Эмма поняла, что ответа не дождется. Росс мягко удерживал расстояние между собой и собеседницей, как если бы она преследовала в пустыне прекрасного зверя — единорога или барса, и он вел бы ее, указывая путь, но в ответ на попытку приблизиться — уходил бы дальше, растворялся в сумерках, давая тем самым понять, что барсы — не кошки, не следует касаться их руками…
— Скажи, — проговорила она через силу. — Когда мы говорили с тобой… Тогда… когда еще был… был Саша — ты сказал, что не все лестницы ведут вверх… И еще что-то насчет одноглазой собаки Баскервилей.
— Да.
— Ты знал, что это я, а никакой не Саша.
— Разумеется.
— Но ты знал, что меня отстранят от роли. Знал?
Под окном чирикал ошалевший от весны воробей.
— Да.
Она перевела дыхание.
— Видишь, я же не спрашиваю, откуда ты знал… Но почему ты не предупредил меня?
— Что тебя отстранят? Как я мог тебя предупредить?

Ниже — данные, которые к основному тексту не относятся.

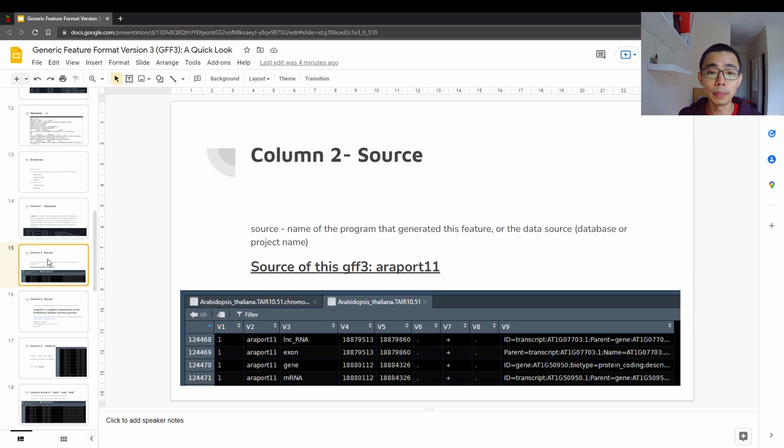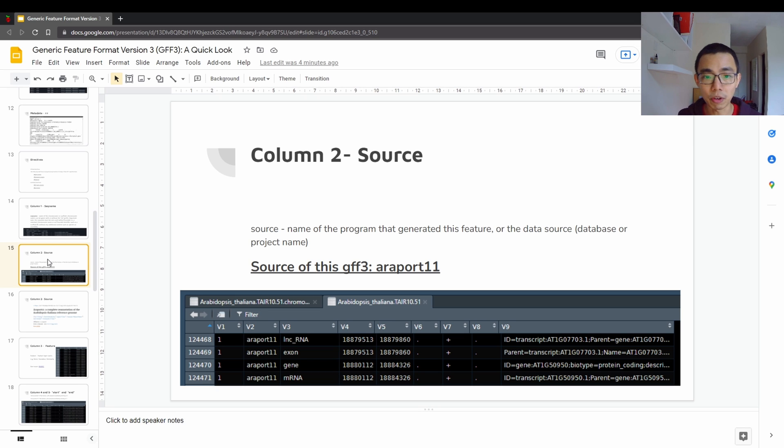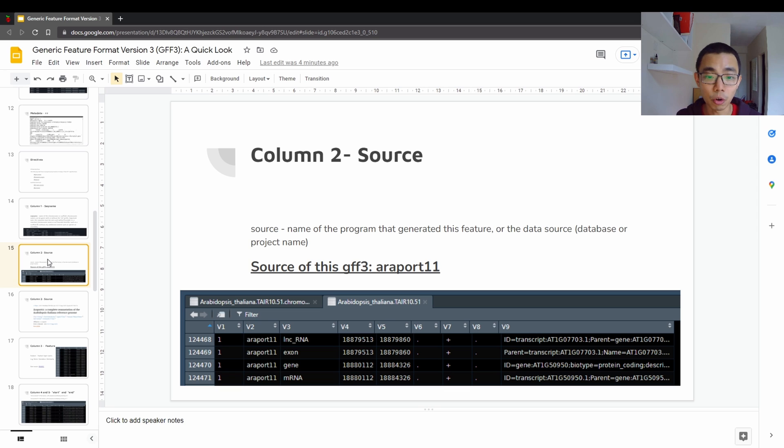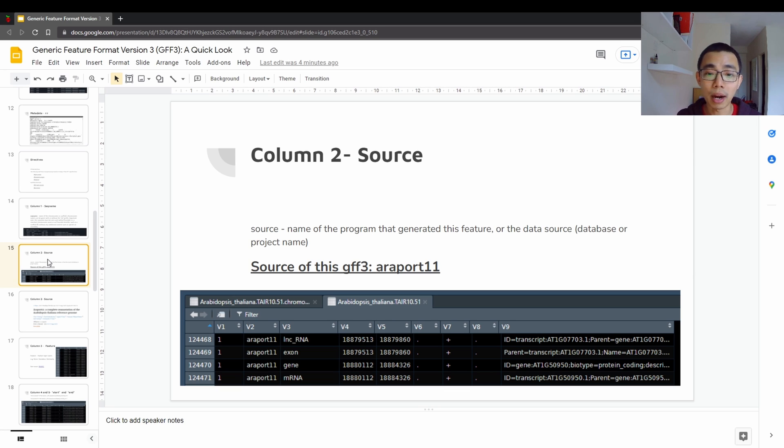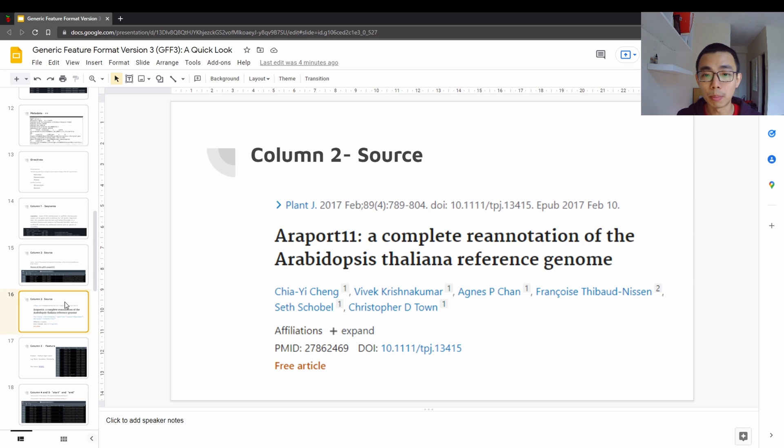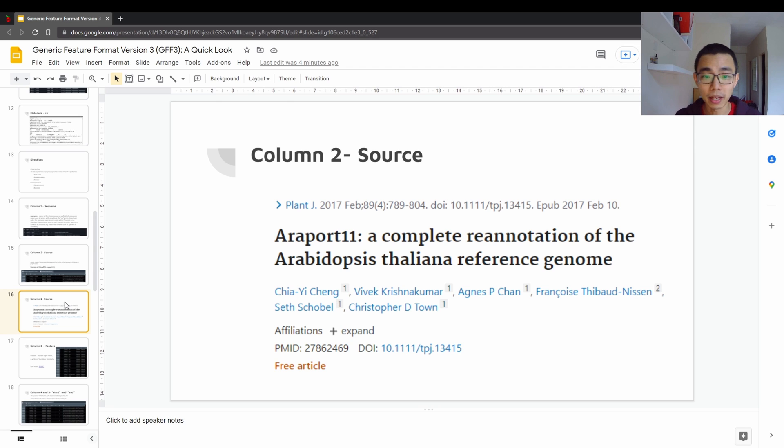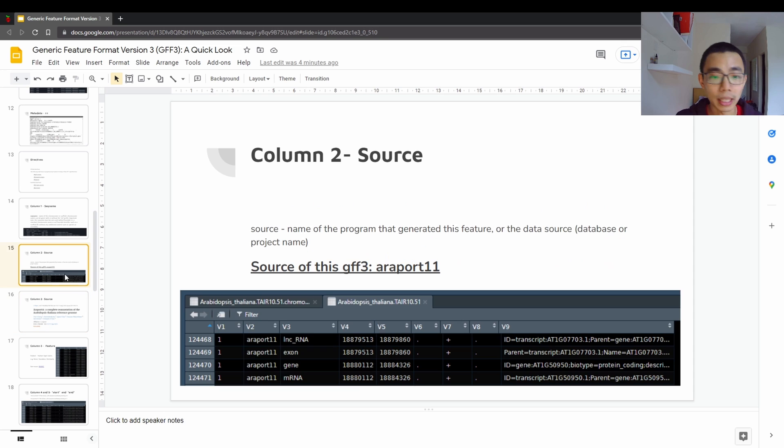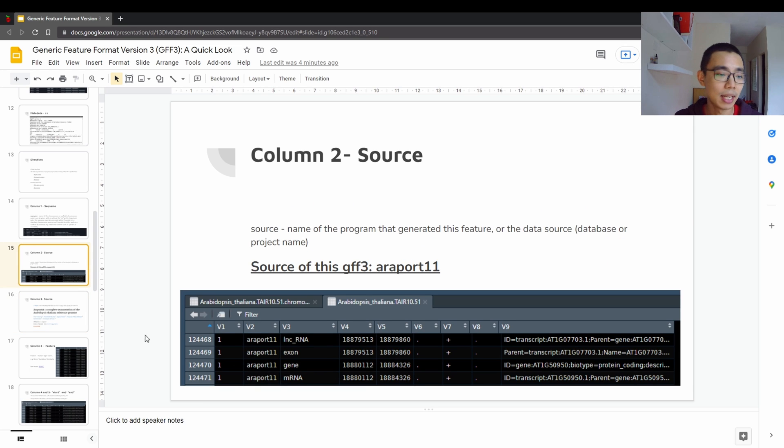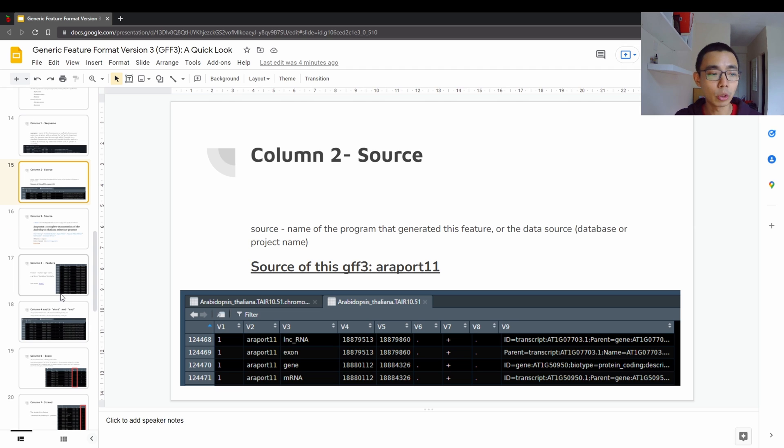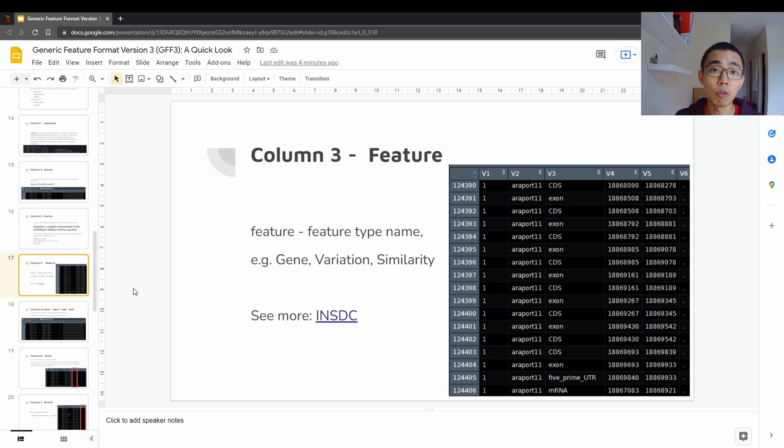So the second will be the source, which is where this sequence is coming from, where this annotation is coming from. So in this case, the annotation for the Arabidopsis thaliana that I downloaded comes from a project called Araport 11, which is actually a project to do a complete re-annotation of the Arabidopsis thaliana reference genome. It's published in 2017, and it's actually quite new. So you can see that it's on the second column. We can see Araport 11, and different species, different projects, have of course different names for their sequence number.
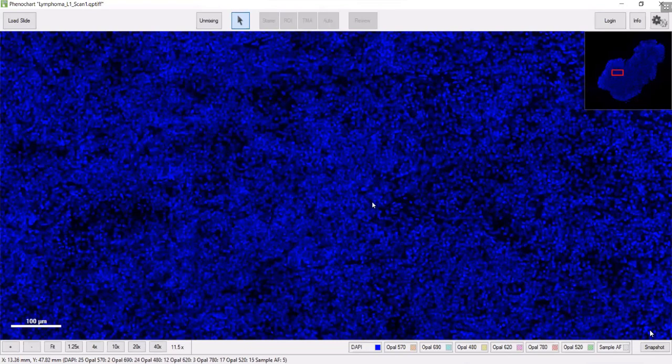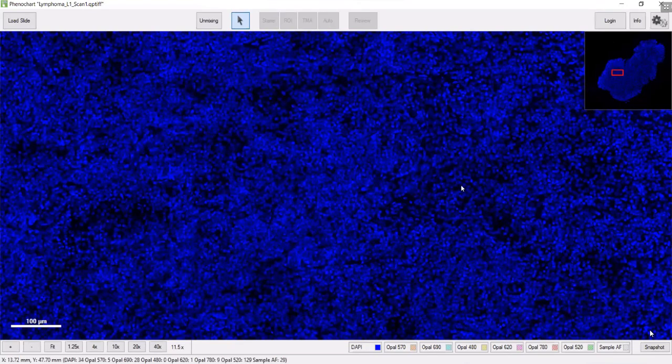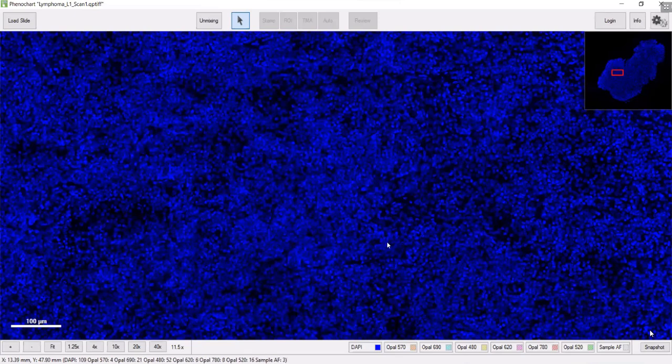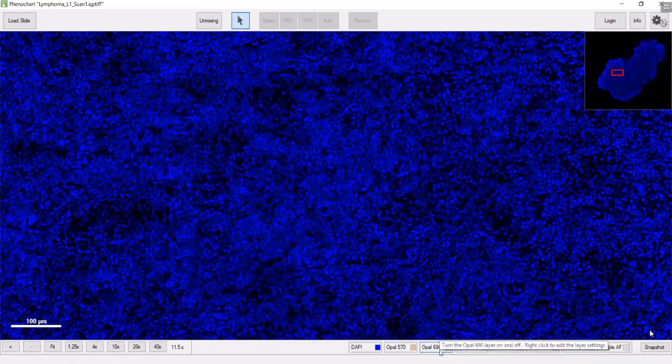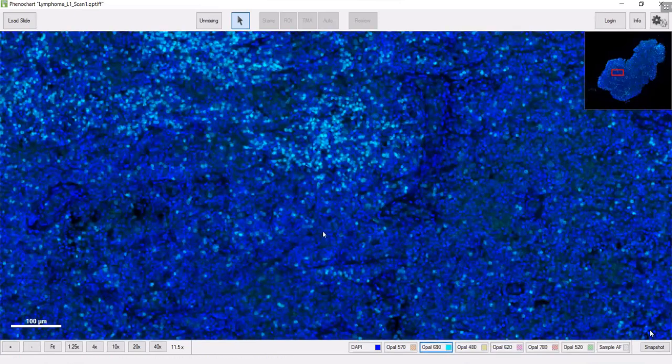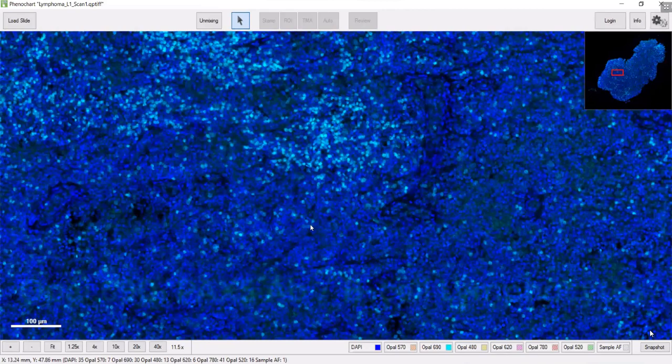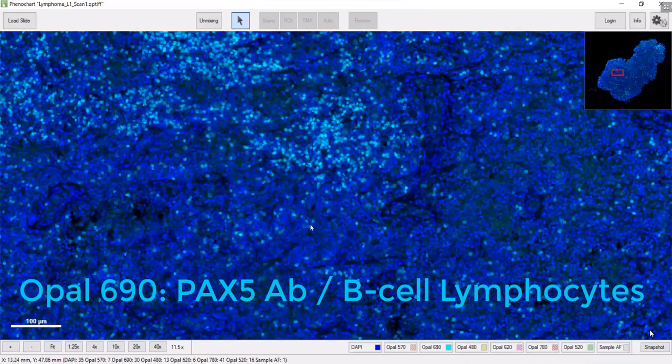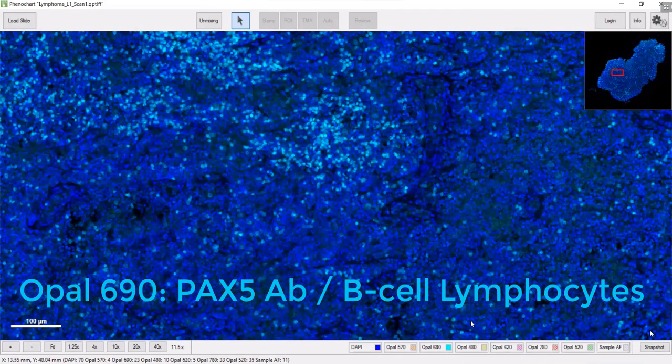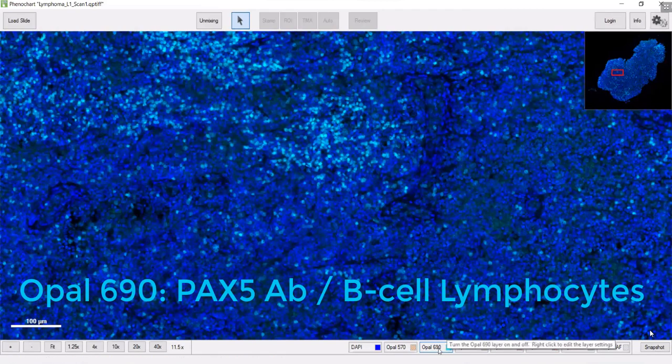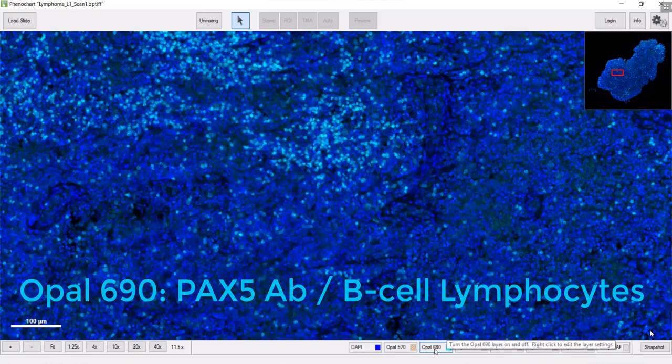I'm zooming in now. You can see the whole sample up there. The first thing I'll turn on is the tumor marker. In this case, it's a Pax5 antibody, which is good for detecting lymphoma.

— Открытым текстом, черт возьми!
— Если выбросить всю эту историю — всю — из твоей жизни, ты стала бы богаче?
Эмма перевела дыхание.
— Послушай… Когда мы с тобой встретились в первый раз… На Иришкиных смотринах… Ты знал, что я позвоню тебе, как Саша?
Росс улыбнулся. Эмма поняла, что напоминают сейчас его глаза — ночное августовское море с искорками в глубине. Море, которое светится. В толще его проплывают огни, похожие на огни самолетов в темном небе.
— Росс?! Ты знаешь, что будет с нами через месяц? Через год? Ты действительно знаешь? Ты смотришь в будущее? Это возможно, это правда?
Он рассмеялся:
— Ты похожа сейчас на одну из моих учениц. Она вот так же раскрывает глаза, когда ей удается решить задачу: «Это правда?!»
Эмма замолчала. Барс, которого она полагала уже своей кошкой, уходил далеко в пустыню. Конечно, он еще вернется, вернется — но близко не подпустит…
— Кто ты? — повторила она беспомощно.
Он поднялся из-за стола — она сразу же поднялась тоже. Он положил руки ей на плечи, привлек к себе:
— Я твой друг. Что бы ни случилось.
Взгляд его плыл, направленный куда-то внутрь. Эмма мигнула.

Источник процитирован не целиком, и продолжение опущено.